Frank Mullaney

Photographer
real/unreal
Public Story
real/unreal
Copyright Frank Mullaney 2024
Updated Oct 2010
Topics lawn ornaments, sideshow, dead animals, tattoos,cinema


These images are from my newest photographic series, real/unreal. It is a series that, as of now, is still a work-in-progress. There is more to photograph and much editing to do.

I have become fascinated with the concept of representation; the realization of inanimate objects created to appear as the real thing. For years I have been drawn to wax museums, amusement park décor, disguises and costumes.  I am amused by the idea that some people prefer artificial flowers to the real thing, for reasons as simple as, like my own mother has stated, ‘not wanting the mess’. But life, I find, is messy.

While working on my cinematic series, Memory Play: an Homage to Tennessee Williams, I came upon older films where Caucasian actors were playing Asians, blacks and Indians despite the fact that there was hardly a dearth of minority actors in Hollywood. Today, we would be appalled at the idea of blackface or Asian makeup on screen, yet when a heterosexual plays a gay person we hail them as ‘brave’ or ‘courageous’ and shower them with awards. Is it the idea that it is less challenging, or ‘less messy’ as it were, to watch a representation of a gay person than to contemplate the reality that this person is a homosexual and consider what that means to one as a viewer.

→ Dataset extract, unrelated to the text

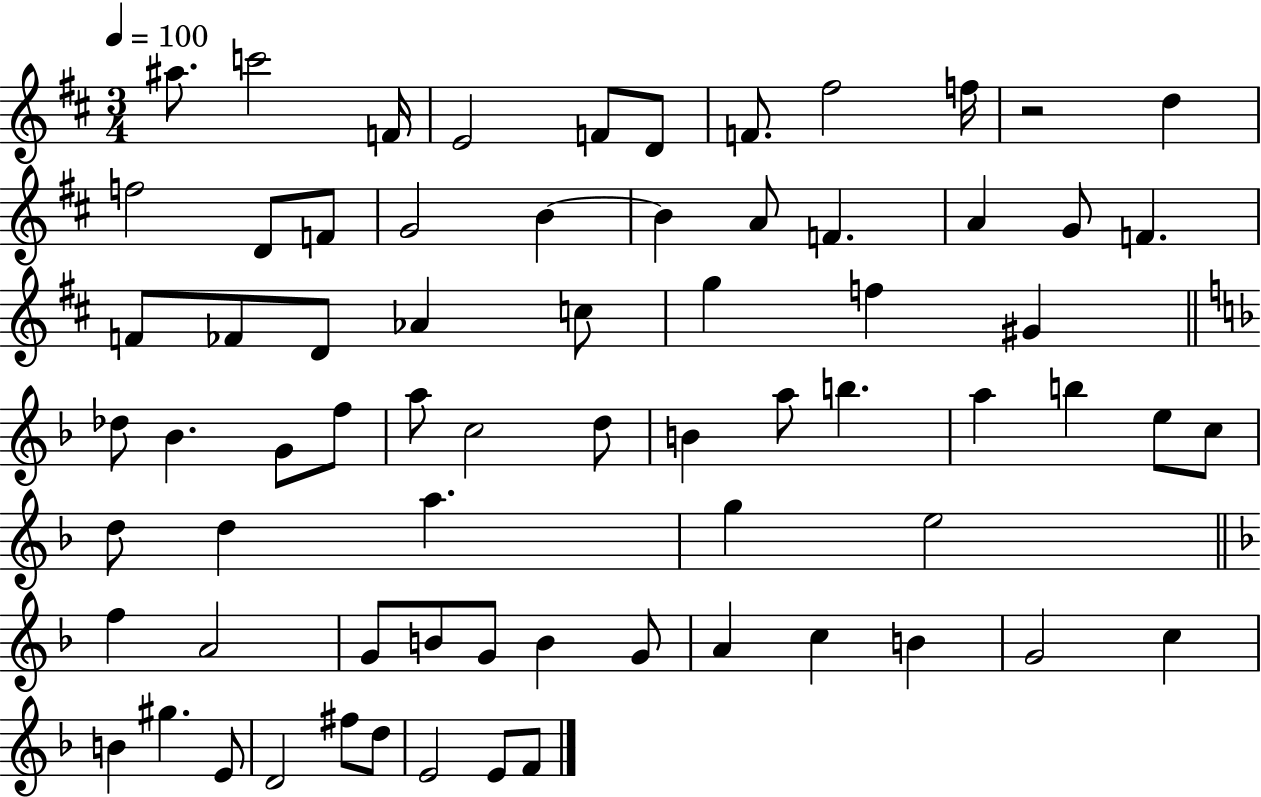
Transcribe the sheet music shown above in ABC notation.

It was with the same attitude that I began to photograph dead animals that I would happen to come upon, as a contrast to the plaster or resin versions that I’d been shooting. I received the same kind of reactions to those I showed them to and this brought up the same questions for me. Why do people accept lawn ornament deer or even a taxidermy version but recoil at a photograph of an actual animal who has recently been drained of life, despite the fact that the image is without blood or gore?

This is what I have set out to question and explore, the messy side of life, the real and the unreal.